_What is expected_
Exclude the pictures and retype the entries as written.

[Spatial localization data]
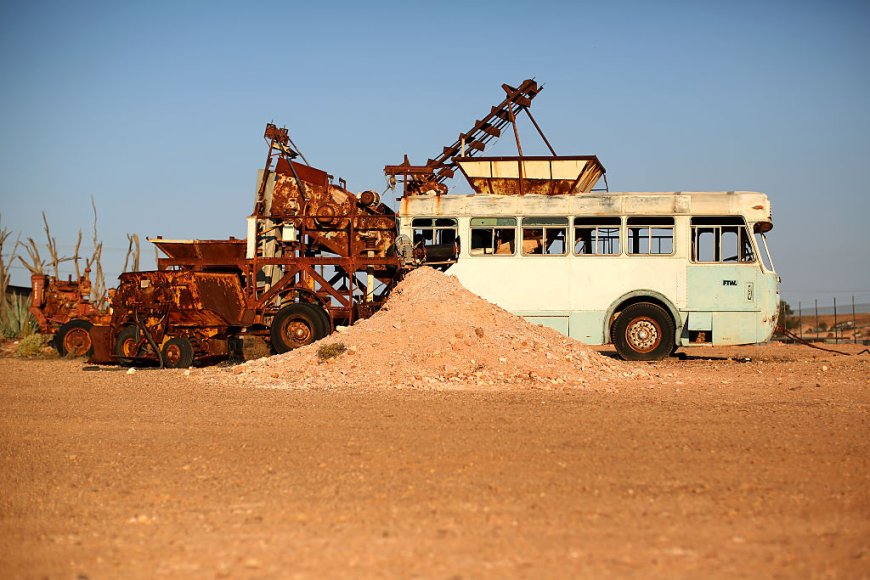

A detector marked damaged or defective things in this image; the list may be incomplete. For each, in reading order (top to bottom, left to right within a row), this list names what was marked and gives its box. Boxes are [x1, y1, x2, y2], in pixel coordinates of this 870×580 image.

rusty hopper [456, 155, 608, 196]
rusty mining machinery [88, 123, 402, 368]
abandoned bus [402, 187, 784, 358]
rusty truck wheel [54, 318, 93, 358]
rusted gear wheel [54, 320, 93, 356]
rusty truck wheel [114, 324, 145, 364]
rusty truck wheel [161, 336, 195, 368]
rusted gear wheel [161, 336, 195, 368]
rusty truck wheel [270, 304, 326, 354]
rusty truck wheel [612, 302, 676, 360]
rusted gear wheel [612, 302, 676, 360]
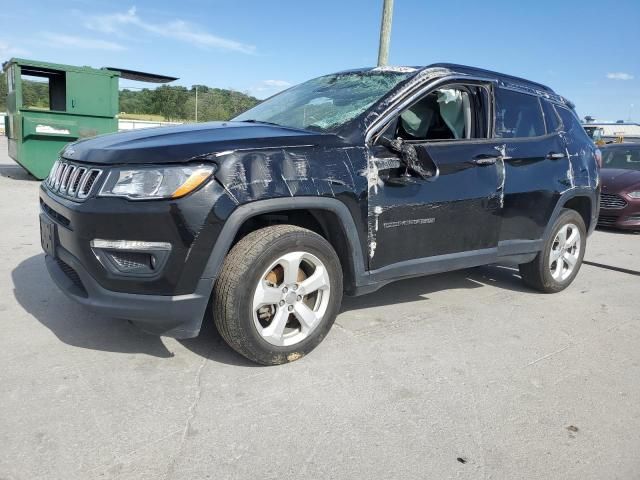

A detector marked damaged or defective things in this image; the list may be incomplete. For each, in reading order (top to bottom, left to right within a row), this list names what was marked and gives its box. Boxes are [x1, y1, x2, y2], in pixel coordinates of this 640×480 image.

damaged black suv [41, 63, 600, 364]
shattered window [235, 69, 416, 131]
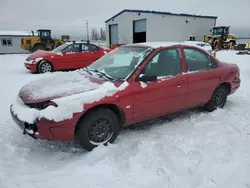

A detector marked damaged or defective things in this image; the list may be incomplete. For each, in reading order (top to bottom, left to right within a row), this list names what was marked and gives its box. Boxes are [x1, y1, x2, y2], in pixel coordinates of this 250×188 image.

damaged front end [9, 105, 38, 139]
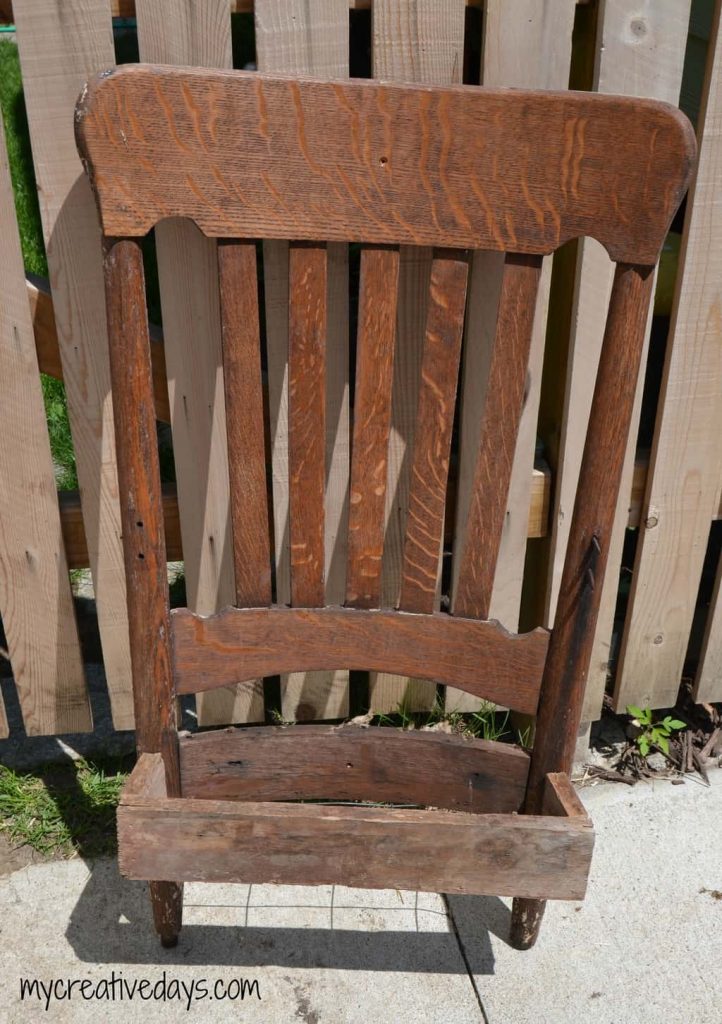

_Exercise response_
A detector marked damaged or defective things in this image; the list may be incomplete. For each, in reading order (top to bottom, left to right within a row), this list names what was marked and gives its box. Boxes are [x1, y1, x2, y2], in pixel coordinates of this 870×580 image.

rusty hopper [456, 155, 608, 196]
rusty mining machinery [88, 123, 402, 368]
abandoned bus [402, 187, 784, 358]
rusty truck wheel [54, 318, 93, 358]
rusted gear wheel [54, 320, 93, 356]
rusty truck wheel [114, 324, 145, 364]
rusty truck wheel [161, 336, 195, 368]
rusted gear wheel [161, 336, 195, 368]
rusty truck wheel [270, 304, 326, 354]
rusty truck wheel [612, 302, 676, 360]
rusted gear wheel [612, 302, 676, 360]

A detector marked damaged or defective things in this image; the list may be incomplete. For each, in reading order (top to bottom, left to right within a row), this list names what was marked and gives its box. Boxes are [x1, y1, x2, y2], in pixel coordinates of this 640×480 image.

damaged black suv [41, 63, 600, 364]
shattered window [235, 69, 416, 131]

A detector marked damaged or defective things in this image; the list may be incomplete. For each, in reading order (top to bottom, left to right within a row), this list names what was marked and gives its box. Boxes are [x1, y1, x2, y2], in pixel coordinates of this 250×188 image.

damaged front end [9, 105, 38, 139]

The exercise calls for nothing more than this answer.